When apparent contradictions appear they tell us to be patient and that we just need to wait for the codexes to all release and we will understand. They also tell us terrain is really important (and it is) and if we had more LOS blocking terrain our games would be much better. Partially true but still misleading. Often true LOS blocking terrain simply delays a player being tabled by a turn or two.
Here is what I think is going on:
FLG has been playtesting everything. They playtested all the indexes and continue playtesting the codexes. Playtesting everything really skews your view of the game. You get so focused on the big picture that you don't see the little things that will sneak in and destroy balance. When the game first dropped I spent the first month playing the entire Tyranid codex. It was glorious! Everything felt new and exciting. Everything felt playable and like it could have a place in a list. I was having a ton of fun. The people I was playing were all playing the models they hadn't played in forever as well. It was great. Time becomes a factor when you are play testing everything. You aren't going to take skew lists when GW is waiting for your feedback on everything. When you take everything, the indexes are fairly balanced. However, we don't play highlander in competitions. They have been looking for balance and I'm sure there was metric crapton of bad ideas that got left on the cutting floor.
So where is the disconnect? I think I've found it out. This past weekend some FLG attended a GT to play. One of them went 1-3-1. How does this happen? He reported that every one of his games except the tie ended with a tabling. For someone that has been playing this game for over a year how could he have been so far off as to have a list that performs that badly? They said their wasn't enough LOS blocking terrain and that he was being shot off the table from the start. Fair point, terrain IS important. However, these games aren't played in a vacuum. Tournaments are played on tables that typically don't have a ton of LOS blocking terrain and often struggle to have enough terrain. This is the reality that games in the real world are played in.
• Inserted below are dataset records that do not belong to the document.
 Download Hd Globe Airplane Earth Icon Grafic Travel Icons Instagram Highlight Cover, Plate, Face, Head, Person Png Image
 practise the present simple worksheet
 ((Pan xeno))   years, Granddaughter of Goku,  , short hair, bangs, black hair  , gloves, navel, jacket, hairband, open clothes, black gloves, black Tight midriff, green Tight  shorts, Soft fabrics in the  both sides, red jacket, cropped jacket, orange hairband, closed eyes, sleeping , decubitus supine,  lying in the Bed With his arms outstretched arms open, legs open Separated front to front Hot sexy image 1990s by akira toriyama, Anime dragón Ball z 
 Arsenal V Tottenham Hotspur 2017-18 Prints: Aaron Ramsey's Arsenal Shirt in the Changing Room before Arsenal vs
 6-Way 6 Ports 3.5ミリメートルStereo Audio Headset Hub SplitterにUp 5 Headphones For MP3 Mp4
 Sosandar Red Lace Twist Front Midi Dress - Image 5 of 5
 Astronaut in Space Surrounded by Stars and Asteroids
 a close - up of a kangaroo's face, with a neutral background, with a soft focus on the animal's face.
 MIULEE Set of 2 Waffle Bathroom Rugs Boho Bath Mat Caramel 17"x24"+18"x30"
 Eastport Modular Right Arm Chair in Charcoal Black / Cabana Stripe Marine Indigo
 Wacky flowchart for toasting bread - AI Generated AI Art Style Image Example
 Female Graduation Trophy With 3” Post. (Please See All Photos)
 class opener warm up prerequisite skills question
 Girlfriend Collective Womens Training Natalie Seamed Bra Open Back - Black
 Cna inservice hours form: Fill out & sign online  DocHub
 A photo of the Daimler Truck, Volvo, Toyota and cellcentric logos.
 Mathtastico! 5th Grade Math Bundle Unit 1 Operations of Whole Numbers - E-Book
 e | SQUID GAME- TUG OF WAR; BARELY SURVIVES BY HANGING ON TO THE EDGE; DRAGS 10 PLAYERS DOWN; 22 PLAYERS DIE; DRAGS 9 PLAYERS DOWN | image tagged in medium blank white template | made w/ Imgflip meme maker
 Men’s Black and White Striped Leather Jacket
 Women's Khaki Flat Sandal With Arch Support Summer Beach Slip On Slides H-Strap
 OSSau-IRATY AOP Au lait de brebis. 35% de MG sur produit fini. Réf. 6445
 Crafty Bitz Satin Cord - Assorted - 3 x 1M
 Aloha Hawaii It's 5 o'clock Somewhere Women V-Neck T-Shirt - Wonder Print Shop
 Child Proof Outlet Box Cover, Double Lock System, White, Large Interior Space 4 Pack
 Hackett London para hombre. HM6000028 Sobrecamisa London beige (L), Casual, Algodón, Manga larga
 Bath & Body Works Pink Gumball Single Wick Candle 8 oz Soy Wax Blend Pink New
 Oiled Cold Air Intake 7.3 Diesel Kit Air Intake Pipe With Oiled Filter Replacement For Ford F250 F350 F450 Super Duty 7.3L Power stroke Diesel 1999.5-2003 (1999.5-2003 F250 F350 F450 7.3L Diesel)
In a testing environment things may have been balanced, but in the real world they are much better.
When you can't hide your army and your opponent is Space Marines and they go first, you are in for a world of hurt. They reroll everything. In an edition where things die quickly rerolling all to hit and to wound is downright silly. The only answer to that is hordes of cheap bodies. Guess what is winning tournaments right now? hordes of bodies.
They playtested this game in a test enviroment under ideal conditions where they played everything. When those conditions are removed and people are intentially trying to break the game, things change dramatically. -1 to hit is a great ability under normal conditions. It's far less valuable when your opponent gets straight up rerolls. I had a friend that worked at EA sports for years. He was on the playtesting team for Madden and NCAA Football. His sub-teams job was to try to break the game. Balance and playability was what other people did. He focused on deliberately trying to exploit things the programmers hadn't accounted for. I think this is why the FLG missed how skewed some of the units are. They had a ton on them: they had to see that everything actually worked. They had to see how units interacted, they had to account for weapons profiles and units cost as well as there upgrades. From my point of view they did a pretty good job. However, as the dust begins to settle, I find that the game really isn't that much different than before. Instead of facing deathstars that you can't kill, you are facing lists that can wipe you off the table in 2 turns unless you get lucky and seize or there is a ton of terrain to exploit.
TL;DR: We got reports from playtesters about how balanced the game was and how everything was playable because they were playtesting everything instead of trying to exploit the holes by breaking the game. It was playtested in a controlled environment with situations often not found in the real world.